Mumbai Metro Red Line station in Mumbai

Pandurangwadi is an elevated metro station on the Red Line of the Mumbai Metro, located in Pandurangwadi, Dahisar, Mumbai, India. The station is owned by the Mumbai Metropolitan Region Development Authority (MMRDA) and was opened to the public on 7 April 2026 as part of Phase 1 of Line 9. At , the next station southbound, passengers can interchange with the Yellow Line (Line 2A) for services toward Andheri West.

== History ==
The station was constructed by J Kumar Infraprojects as part of a ₹1998 crore contract awarded by MMRDA in September 2019 for the design and construction of Line 9 and Line 7A.

Pandurang Wadi was opened on 7 April 2026, when Phase 1 of Line 9 was inaugurated by Chief Minister Devendra Fadnavis along with Deputy Chief Ministers Eknath Shinde and Sunetra Pawar.
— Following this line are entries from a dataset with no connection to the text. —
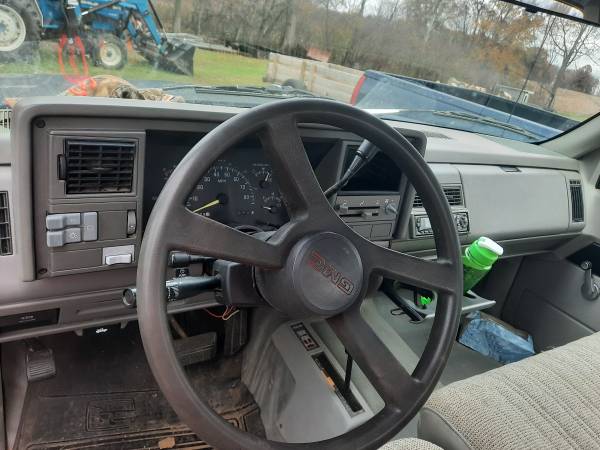 1994 GMC Sierra 4x4 LOW MILES - cars & trucks - by owner - vehicle... for sale in Mooreland, IN – photo 5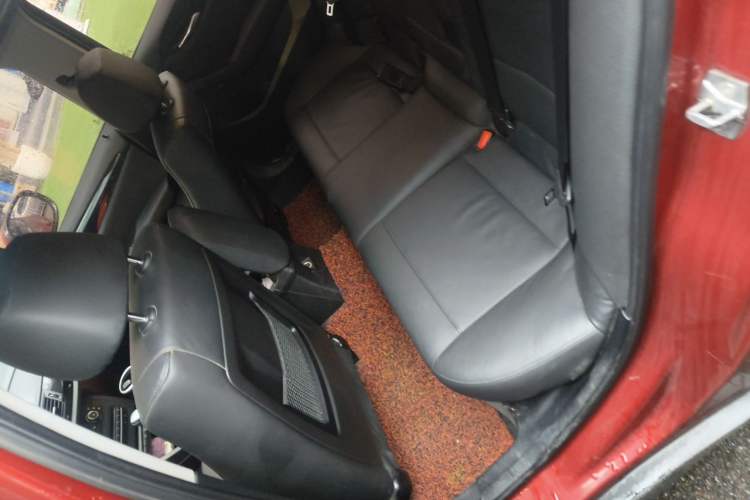 Used BMW X1 2010 xDrive25i Left Rear Seat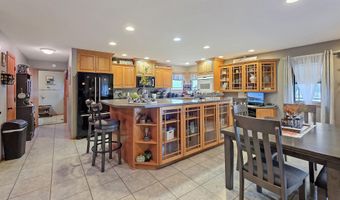 17431 300Th St, Aplington, IA 50604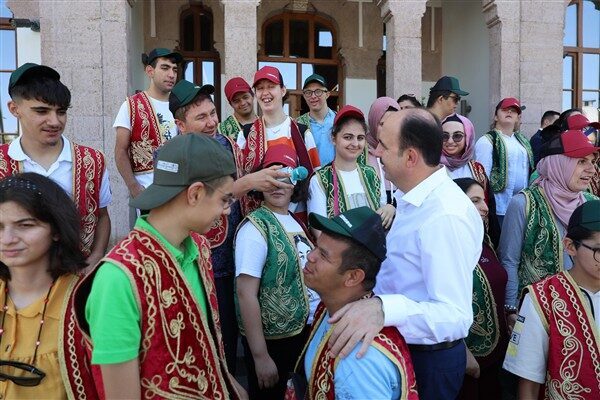 Konya Büyükşehir Belediyesi’nin Genç KOMEK Yaz Okulu kapsamında sürdürdüğü “Özel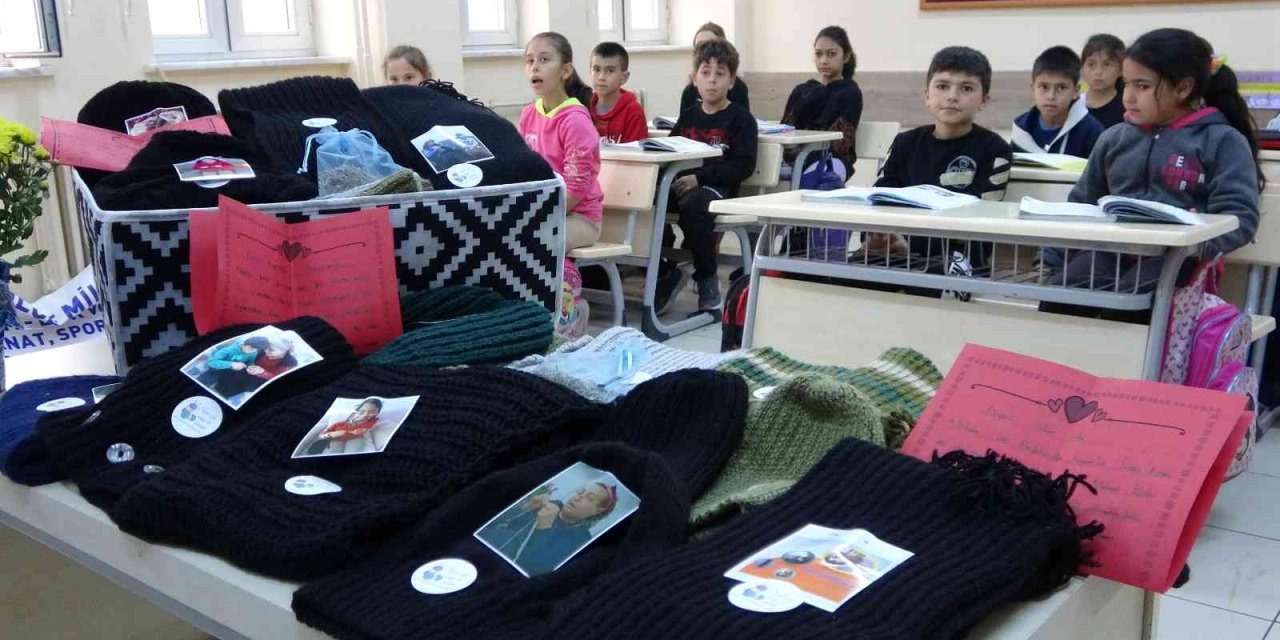 Öğrencilerin Ve Velilerin Ördüğü Atkı, Bere Ve Şapkalar Tunceli’deki Askerlere Gönderildi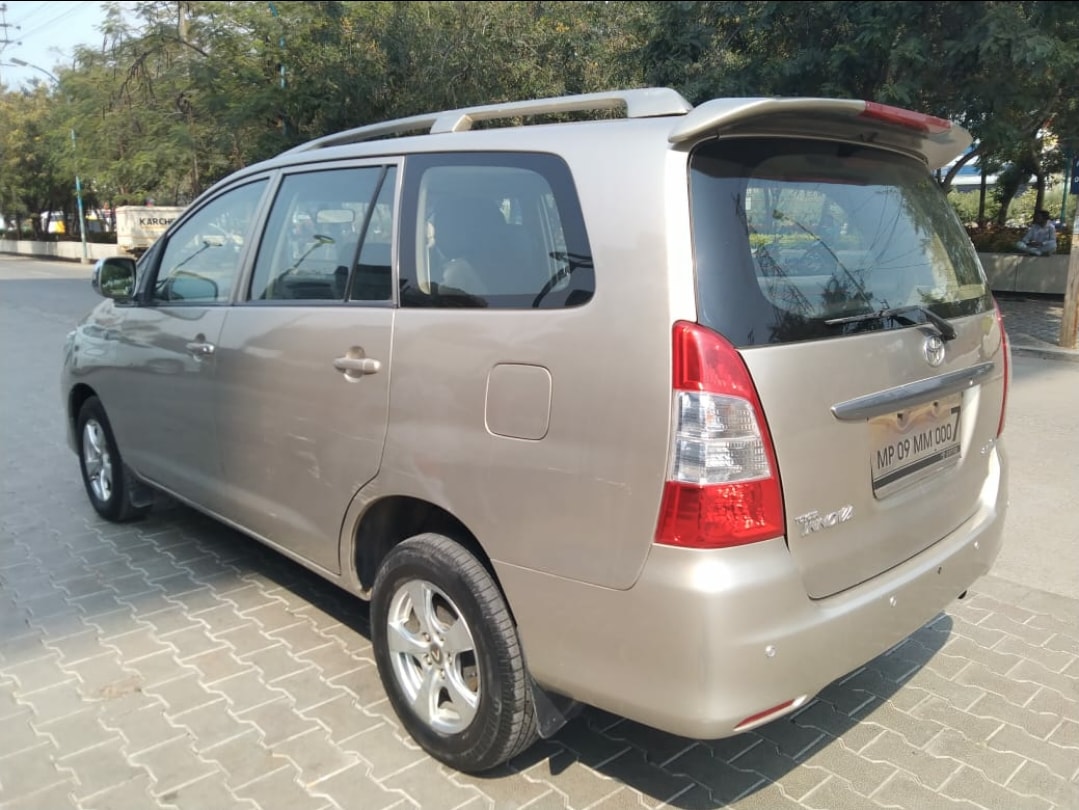 Innova image 6 Innova image 6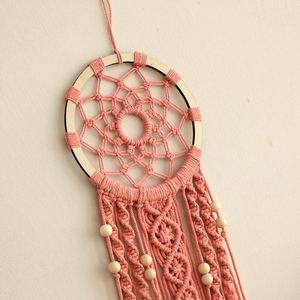 Attrape-rêves bohème tendance en macramé, tissé à la main, décoration murale bohème pour chambre et chambre d'enfant, vente en gros - Product Image 5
Commercial services began on 8 April 2026.

=== Power and signalling system ===
Like all other stations on the Mumbai Metro, Pandurang Wadi uses a 25,000 volt AC power system by "overhead catenary" to operate the trains. The station uses the Alstom Urbalis 400 communications-based train control (CBTC) signalling system.